*YOUR GOAL:*
Every line below between the line holding "3-комнатная квартира Тузель 4" and the line holding "Audi A6 Avant", inclusive, should be repeated exactly, and all other lines omitted.

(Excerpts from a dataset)
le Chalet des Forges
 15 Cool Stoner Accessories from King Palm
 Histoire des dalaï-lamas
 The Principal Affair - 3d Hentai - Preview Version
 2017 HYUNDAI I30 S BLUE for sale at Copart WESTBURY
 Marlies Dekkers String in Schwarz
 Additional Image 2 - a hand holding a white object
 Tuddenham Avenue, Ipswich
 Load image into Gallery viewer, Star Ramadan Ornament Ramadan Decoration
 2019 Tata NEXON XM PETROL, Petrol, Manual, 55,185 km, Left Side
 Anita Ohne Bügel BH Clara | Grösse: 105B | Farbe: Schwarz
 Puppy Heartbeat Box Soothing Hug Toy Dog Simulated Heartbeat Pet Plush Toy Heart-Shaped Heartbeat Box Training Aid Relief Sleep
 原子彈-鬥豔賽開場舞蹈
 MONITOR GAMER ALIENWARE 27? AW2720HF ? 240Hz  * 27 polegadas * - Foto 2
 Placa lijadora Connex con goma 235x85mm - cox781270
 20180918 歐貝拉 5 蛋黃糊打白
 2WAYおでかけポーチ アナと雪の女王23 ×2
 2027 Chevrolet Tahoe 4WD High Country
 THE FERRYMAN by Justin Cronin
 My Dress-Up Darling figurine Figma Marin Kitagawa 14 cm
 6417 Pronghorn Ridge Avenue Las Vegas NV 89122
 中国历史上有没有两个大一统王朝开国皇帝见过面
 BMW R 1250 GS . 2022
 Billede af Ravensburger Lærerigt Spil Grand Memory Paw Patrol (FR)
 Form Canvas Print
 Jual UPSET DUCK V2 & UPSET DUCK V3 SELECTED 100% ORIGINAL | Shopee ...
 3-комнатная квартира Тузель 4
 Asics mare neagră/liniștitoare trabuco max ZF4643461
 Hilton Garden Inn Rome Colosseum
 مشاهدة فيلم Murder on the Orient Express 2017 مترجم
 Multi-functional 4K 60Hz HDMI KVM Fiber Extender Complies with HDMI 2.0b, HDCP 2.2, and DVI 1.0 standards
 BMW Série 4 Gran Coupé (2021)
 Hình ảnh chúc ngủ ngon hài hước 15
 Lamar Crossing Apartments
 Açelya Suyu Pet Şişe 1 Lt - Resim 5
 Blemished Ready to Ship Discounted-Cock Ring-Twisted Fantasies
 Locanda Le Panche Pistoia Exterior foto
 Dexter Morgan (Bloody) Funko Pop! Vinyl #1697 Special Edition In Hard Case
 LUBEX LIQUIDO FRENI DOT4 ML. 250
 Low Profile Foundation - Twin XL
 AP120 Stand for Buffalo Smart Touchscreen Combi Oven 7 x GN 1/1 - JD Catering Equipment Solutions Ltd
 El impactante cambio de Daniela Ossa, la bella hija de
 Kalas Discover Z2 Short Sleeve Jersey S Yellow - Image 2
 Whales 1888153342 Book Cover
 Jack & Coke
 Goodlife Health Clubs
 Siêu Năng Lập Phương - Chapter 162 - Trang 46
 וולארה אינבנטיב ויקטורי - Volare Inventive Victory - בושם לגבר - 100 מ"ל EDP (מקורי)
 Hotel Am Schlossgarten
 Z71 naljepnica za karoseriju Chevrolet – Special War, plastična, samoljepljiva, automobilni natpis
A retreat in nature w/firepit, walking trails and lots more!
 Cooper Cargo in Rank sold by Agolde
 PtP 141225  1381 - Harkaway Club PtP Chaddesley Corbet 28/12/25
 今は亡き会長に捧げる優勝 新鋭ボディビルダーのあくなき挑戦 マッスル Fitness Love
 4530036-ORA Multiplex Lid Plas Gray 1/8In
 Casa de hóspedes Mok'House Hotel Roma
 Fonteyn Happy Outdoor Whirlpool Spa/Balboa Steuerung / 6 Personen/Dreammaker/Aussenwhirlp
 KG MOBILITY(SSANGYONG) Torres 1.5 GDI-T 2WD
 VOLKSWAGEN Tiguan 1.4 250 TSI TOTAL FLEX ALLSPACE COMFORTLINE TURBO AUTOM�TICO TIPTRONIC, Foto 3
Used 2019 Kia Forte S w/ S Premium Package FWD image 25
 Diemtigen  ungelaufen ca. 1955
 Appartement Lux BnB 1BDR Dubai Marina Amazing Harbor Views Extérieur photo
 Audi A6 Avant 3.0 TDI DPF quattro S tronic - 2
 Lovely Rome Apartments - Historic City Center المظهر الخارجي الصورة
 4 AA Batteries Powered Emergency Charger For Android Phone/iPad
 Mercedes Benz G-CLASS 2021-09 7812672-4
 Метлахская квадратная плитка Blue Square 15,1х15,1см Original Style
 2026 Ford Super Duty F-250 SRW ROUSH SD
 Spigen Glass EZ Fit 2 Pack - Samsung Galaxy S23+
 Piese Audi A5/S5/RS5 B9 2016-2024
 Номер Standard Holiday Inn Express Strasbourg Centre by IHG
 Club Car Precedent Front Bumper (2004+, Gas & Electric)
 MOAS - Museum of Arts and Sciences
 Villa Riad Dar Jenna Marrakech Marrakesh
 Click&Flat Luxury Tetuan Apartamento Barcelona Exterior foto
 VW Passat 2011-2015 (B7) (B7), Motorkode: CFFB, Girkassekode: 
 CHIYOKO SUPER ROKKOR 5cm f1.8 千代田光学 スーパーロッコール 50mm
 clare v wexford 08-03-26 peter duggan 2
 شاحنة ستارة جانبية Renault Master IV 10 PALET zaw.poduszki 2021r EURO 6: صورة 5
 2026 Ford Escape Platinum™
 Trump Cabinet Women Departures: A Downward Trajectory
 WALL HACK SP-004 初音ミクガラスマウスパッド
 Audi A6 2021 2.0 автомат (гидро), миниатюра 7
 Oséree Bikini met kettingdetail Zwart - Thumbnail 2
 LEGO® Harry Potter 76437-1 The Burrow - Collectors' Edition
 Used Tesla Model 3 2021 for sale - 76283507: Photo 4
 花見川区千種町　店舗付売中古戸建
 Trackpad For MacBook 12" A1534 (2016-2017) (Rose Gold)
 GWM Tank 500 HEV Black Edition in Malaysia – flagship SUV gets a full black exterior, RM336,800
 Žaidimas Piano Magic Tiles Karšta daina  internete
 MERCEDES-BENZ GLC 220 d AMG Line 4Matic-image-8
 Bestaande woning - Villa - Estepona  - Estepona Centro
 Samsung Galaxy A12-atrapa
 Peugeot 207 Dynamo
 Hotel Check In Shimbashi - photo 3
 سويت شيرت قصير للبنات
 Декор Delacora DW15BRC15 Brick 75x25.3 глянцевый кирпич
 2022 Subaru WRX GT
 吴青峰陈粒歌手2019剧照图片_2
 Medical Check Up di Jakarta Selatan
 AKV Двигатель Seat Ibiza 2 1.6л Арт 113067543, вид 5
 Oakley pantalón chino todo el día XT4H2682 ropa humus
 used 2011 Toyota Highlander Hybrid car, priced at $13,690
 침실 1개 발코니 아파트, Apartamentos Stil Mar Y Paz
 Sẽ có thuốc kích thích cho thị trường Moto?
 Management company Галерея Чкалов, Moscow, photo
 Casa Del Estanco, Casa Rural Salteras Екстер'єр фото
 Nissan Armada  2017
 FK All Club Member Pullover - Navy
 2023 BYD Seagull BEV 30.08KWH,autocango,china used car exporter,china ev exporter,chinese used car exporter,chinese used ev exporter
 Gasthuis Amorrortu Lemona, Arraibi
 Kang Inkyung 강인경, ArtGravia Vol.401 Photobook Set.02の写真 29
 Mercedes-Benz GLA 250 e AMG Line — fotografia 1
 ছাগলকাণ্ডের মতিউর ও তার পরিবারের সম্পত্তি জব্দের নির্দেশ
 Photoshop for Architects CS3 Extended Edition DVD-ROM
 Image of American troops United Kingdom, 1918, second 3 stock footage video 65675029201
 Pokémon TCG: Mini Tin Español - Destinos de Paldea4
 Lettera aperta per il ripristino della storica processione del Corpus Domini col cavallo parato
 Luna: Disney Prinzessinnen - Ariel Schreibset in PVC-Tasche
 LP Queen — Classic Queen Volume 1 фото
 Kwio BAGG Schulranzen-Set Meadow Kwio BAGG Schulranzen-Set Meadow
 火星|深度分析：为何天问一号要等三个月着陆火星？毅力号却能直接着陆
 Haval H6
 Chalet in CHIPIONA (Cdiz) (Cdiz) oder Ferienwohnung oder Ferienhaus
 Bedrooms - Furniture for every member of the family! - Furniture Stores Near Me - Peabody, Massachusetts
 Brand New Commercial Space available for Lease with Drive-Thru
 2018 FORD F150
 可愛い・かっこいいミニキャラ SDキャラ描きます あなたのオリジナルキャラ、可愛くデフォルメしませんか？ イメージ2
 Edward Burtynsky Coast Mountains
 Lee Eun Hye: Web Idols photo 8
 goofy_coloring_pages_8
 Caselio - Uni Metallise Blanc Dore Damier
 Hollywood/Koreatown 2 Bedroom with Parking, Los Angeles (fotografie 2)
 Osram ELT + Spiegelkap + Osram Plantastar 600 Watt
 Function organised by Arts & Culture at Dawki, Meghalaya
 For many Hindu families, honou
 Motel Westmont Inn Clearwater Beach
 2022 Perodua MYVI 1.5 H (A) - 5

*EXPECTED ANSWER:*
 3-комнатная квартира Тузель 4
 Asics mare neagră/liniștitoare trabuco max ZF4643461
 Hilton Garden Inn Rome Colosseum
 مشاهدة فيلم Murder on the Orient Express 2017 مترجم
 Multi-functional 4K 60Hz HDMI KVM Fiber Extender Complies with HDMI 2.0b, HDCP 2.2, and DVI 1.0 standards
 BMW Série 4 Gran Coupé (2021)
 Hình ảnh chúc ngủ ngon hài hước 15
 Lamar Crossing Apartments
 Açelya Suyu Pet Şişe 1 Lt - Resim 5
 Blemished Ready to Ship Discounted-Cock Ring-Twisted Fantasies
 Locanda Le Panche Pistoia Exterior foto
 Dexter Morgan (Bloody) Funko Pop! Vinyl #1697 Special Edition In Hard Case
 LUBEX LIQUIDO FRENI DOT4 ML. 250
 Low Profile Foundation - Twin XL
 AP120 Stand for Buffalo Smart Touchscreen Combi Oven 7 x GN 1/1 - JD Catering Equipment Solutions Ltd
 El impactante cambio de Daniela Ossa, la bella hija de
 Kalas Discover Z2 Short Sleeve Jersey S Yellow - Image 2
 Whales 1888153342 Book Cover
 Jack & Coke
 Goodlife Health Clubs
 Siêu Năng Lập Phương - Chapter 162 - Trang 46
 וולארה אינבנטיב ויקטורי - Volare Inventive Victory - בושם לגבר - 100 מ"ל EDP (מקורי)
 Hotel Am Schlossgarten
 Z71 naljepnica za karoseriju Chevrolet – Special War, plastična, samoljepljiva, automobilni natpis
A retreat in nature w/firepit, walking trails and lots more!
 Cooper Cargo in Rank sold by Agolde
 PtP 141225  1381 - Harkaway Club PtP Chaddesley Corbet 28/12/25
 今は亡き会長に捧げる優勝 新鋭ボディビルダーのあくなき挑戦 マッスル Fitness Love
 4530036-ORA Multiplex Lid Plas Gray 1/8In
 Casa de hóspedes Mok'House Hotel Roma
 Fonteyn Happy Outdoor Whirlpool Spa/Balboa Steuerung / 6 Personen/Dreammaker/Aussenwhirlp
 KG MOBILITY(SSANGYONG) Torres 1.5 GDI-T 2WD
 VOLKSWAGEN Tiguan 1.4 250 TSI TOTAL FLEX ALLSPACE COMFORTLINE TURBO AUTOM�TICO TIPTRONIC, Foto 3
Used 2019 Kia Forte S w/ S Premium Package FWD image 25
 Diemtigen  ungelaufen ca. 1955
 Appartement Lux BnB 1BDR Dubai Marina Amazing Harbor Views Extérieur photo
 Audi A6 Avant 3.0 TDI DPF quattro S tronic - 2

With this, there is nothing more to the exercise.